The price of oil has been below $90 a barrel for most of October. Energy analyst Doug Matthews says oil will likely have to return to $100 a barrel before companies renew interest in the N.W.T.’s Sahtu region.

Low oil prices have thrown the future of oil exploration in the Northwest Territory’s Sahtu region into uncertainty.

The price of oil has been below $90 a barrel for most of October.

Last week, the N.W.T.'s government issued its first call for oil and gas nominations since devolution.

“I don't think there's going to be much interest from exploration companies,” says Doug Matthews, an energy analyst based in Canmore, Alta.

Even before the drop in oil prices, the biggest players in the region —​ ConocoPhillips and Husky Energy — had already said they wouldn't be drilling this winter. 

Matthews says oil will likely have to return to $100 a barrel before companies renew interest in the Sahtu.

He says the oil giants with exploration rights in the Sahtu also have properties in places such as Texas, where profits come faster because there's more infrastructure, such as pipelines.

“If you find a barrel of oil in the Eagle Ford [shale gas development in Texas] you can get paid for it in about a week and a half.

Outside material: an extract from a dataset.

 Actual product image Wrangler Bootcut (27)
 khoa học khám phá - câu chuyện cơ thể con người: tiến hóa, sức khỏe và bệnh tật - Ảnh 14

If you find a barrel of oil in the Sahtu, it could be 10 years before you can get it to market.”

Matthews says that, combined with higher exploration costs, means plays such as the Canol Shale in the Sahtu are going to be the first to be postponed when prices drop.

But Matthews says the call for bids sends out one message industry will be happy to hear — that the rules for exploration in the N.W.T. have not changed because of devolution.